Activity:
In the listing below, print exactly the lines between the line holding "14k White Freshwater" and the line holding "El viceministro de", inclusive, and no more.

━━━━━━━━━━━━━━━━━━━━━━━━━━━━━━

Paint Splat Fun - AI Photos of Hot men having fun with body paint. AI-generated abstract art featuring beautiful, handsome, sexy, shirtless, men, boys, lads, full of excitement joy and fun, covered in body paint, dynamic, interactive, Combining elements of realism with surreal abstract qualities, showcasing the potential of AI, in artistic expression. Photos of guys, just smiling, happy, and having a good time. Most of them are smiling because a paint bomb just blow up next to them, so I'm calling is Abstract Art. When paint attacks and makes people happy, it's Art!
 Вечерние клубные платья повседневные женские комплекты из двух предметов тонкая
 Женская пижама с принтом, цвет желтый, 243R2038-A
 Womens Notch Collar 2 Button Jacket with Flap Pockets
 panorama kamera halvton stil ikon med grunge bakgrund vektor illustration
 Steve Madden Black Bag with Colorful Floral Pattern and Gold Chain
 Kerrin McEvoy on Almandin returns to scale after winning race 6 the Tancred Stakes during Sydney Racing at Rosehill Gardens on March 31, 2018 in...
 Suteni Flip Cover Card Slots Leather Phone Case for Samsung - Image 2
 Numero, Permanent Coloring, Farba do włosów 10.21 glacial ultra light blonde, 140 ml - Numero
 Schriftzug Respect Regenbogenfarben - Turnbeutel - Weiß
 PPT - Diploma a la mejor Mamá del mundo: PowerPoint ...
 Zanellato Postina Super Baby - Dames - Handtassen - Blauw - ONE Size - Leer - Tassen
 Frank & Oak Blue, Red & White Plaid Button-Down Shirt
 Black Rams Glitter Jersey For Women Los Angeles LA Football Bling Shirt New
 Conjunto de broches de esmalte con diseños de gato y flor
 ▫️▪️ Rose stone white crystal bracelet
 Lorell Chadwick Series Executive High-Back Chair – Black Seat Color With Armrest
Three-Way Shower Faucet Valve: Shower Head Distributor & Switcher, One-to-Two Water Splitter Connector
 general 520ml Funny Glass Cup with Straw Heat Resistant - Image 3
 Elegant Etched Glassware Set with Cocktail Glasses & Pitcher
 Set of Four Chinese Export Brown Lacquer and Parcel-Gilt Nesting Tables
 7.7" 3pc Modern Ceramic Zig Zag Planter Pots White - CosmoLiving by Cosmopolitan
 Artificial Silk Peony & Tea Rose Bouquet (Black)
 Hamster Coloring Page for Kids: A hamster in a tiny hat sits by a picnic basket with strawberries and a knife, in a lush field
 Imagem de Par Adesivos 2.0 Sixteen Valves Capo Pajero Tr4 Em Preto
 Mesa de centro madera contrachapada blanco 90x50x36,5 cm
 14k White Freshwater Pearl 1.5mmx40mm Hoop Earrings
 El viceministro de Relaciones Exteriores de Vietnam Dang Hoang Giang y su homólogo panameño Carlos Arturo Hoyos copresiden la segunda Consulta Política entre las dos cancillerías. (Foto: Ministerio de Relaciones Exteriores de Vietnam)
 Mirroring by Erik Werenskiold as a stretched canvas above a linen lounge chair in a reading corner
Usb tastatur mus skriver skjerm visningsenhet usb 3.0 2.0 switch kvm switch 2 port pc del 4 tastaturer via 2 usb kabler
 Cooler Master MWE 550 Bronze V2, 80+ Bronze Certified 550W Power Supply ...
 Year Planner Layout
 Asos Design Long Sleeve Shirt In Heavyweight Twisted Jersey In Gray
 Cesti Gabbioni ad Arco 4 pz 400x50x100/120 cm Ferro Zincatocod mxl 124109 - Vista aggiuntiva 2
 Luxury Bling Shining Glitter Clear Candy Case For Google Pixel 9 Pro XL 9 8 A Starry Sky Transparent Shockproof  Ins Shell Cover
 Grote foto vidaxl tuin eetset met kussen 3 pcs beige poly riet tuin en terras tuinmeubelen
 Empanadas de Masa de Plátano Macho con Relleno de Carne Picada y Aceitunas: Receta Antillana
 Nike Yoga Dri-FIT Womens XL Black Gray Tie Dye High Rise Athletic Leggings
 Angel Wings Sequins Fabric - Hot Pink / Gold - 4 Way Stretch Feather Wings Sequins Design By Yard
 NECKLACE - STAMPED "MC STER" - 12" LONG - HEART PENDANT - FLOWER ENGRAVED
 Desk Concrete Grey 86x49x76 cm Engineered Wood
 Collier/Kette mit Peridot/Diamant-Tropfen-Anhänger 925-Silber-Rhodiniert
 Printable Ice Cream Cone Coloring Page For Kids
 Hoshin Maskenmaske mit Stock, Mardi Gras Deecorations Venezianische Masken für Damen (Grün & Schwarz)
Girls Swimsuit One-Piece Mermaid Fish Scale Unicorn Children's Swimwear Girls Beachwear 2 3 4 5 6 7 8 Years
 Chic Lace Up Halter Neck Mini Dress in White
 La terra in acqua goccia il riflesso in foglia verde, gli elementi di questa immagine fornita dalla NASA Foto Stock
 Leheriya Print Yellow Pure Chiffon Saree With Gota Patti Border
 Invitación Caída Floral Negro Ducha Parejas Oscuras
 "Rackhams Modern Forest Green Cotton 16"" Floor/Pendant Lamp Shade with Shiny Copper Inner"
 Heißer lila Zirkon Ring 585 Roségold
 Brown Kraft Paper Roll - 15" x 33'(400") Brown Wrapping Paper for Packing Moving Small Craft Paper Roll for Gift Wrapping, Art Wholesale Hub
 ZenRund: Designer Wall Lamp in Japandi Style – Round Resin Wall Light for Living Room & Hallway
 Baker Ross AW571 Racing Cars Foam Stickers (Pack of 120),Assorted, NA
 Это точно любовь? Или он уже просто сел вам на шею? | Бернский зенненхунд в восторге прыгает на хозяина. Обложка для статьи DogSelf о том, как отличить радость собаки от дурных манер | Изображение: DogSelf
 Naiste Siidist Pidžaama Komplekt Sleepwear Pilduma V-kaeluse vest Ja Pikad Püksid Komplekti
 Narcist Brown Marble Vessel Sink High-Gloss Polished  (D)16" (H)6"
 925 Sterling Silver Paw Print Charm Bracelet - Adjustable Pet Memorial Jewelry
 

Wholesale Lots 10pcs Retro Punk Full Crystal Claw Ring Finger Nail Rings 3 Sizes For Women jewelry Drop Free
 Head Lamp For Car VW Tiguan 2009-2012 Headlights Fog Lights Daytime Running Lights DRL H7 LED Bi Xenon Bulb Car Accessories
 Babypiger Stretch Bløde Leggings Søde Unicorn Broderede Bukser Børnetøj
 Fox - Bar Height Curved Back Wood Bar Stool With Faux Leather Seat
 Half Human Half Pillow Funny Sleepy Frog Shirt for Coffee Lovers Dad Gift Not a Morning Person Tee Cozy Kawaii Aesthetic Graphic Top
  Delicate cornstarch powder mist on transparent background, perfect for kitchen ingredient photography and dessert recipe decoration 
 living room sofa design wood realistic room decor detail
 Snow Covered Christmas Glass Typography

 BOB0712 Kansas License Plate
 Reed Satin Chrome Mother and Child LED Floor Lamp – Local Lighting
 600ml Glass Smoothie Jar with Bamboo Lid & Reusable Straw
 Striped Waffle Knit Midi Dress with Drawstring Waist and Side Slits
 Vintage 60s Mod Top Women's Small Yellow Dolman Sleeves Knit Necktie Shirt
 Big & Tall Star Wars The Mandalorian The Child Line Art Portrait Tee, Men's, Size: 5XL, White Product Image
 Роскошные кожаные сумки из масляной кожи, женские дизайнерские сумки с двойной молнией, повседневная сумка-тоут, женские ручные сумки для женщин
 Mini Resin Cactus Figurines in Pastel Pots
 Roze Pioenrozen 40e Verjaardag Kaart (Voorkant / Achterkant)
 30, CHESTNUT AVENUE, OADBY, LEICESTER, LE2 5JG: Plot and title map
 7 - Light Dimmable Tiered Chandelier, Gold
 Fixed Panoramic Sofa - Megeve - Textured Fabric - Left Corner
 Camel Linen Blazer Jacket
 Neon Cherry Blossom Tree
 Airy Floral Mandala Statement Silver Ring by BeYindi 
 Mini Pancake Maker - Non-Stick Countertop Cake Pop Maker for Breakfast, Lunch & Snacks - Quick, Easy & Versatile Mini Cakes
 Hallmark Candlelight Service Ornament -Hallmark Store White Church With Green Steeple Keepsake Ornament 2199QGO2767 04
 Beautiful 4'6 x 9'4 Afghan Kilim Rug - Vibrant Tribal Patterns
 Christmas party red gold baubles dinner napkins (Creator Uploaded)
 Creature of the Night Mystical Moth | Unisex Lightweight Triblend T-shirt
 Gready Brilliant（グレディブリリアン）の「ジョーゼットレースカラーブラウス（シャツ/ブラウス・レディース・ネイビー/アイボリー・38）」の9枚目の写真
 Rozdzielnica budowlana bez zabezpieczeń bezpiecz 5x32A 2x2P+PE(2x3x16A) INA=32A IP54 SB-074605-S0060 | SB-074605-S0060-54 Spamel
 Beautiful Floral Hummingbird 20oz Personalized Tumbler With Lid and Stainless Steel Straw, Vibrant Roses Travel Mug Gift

━━━━━━━━━━━━━━━━━━━━━━━━━━━━━━

Exercise answer:
 14k White Freshwater Pearl 1.5mmx40mm Hoop Earrings
 El viceministro de Relaciones Exteriores de Vietnam Dang Hoang Giang y su homólogo panameño Carlos Arturo Hoyos copresiden la segunda Consulta Política entre las dos cancillerías. (Foto: Ministerio de Relaciones Exteriores de Vietnam)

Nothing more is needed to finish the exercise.